-- Opening Marker --

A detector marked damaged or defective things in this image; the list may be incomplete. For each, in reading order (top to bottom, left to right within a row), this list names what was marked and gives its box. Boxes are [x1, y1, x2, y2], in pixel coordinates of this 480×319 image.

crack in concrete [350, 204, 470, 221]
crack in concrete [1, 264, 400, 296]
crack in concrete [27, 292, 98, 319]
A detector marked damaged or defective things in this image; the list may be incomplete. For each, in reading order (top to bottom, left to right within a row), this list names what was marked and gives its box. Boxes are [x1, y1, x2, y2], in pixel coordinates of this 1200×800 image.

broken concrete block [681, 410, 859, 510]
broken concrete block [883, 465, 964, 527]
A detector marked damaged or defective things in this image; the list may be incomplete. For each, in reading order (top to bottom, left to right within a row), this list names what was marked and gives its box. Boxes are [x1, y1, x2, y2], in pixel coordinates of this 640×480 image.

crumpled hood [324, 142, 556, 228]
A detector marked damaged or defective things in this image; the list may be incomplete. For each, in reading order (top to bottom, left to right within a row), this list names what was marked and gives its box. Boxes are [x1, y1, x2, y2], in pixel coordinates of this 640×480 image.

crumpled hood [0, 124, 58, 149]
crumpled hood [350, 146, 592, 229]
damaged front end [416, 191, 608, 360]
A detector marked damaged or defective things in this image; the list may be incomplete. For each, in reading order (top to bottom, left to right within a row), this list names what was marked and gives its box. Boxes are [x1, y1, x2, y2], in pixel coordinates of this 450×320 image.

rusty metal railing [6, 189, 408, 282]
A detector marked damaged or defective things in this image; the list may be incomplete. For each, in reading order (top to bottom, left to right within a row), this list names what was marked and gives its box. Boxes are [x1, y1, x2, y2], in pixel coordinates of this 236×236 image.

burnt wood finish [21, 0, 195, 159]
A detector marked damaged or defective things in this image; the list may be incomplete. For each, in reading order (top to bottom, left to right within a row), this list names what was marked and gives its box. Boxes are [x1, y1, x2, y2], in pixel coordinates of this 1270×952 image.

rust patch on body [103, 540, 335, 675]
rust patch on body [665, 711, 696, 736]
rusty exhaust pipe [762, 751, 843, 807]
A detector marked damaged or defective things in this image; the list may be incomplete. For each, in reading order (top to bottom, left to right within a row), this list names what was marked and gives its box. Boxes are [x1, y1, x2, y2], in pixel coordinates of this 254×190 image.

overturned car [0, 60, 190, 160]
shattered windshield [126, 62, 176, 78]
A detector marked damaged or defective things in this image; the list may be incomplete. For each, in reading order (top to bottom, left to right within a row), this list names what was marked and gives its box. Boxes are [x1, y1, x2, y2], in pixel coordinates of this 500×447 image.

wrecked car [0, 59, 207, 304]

-- Closing Marker --

▶ [EXERCISE GOAL] Write out only those lines of the entries that lie between the line containing "this 254×190 image." and the last line, inclusive, reproducing them exactly.

▶ [EXERCISE RESPONSE]
A detector marked damaged or defective things in this image; the list may be incomplete. For each, in reading order (top to bottom, left to right within a row), this list names what was marked and gives its box. Boxes are [x1, y1, x2, y2], in pixel coordinates of this 254×190 image.

overturned car [0, 60, 190, 160]
shattered windshield [126, 62, 176, 78]
A detector marked damaged or defective things in this image; the list may be incomplete. For each, in reading order (top to bottom, left to right within a row), this list names what was marked and gives its box. Boxes are [x1, y1, x2, y2], in pixel coordinates of this 500×447 image.

wrecked car [0, 59, 207, 304]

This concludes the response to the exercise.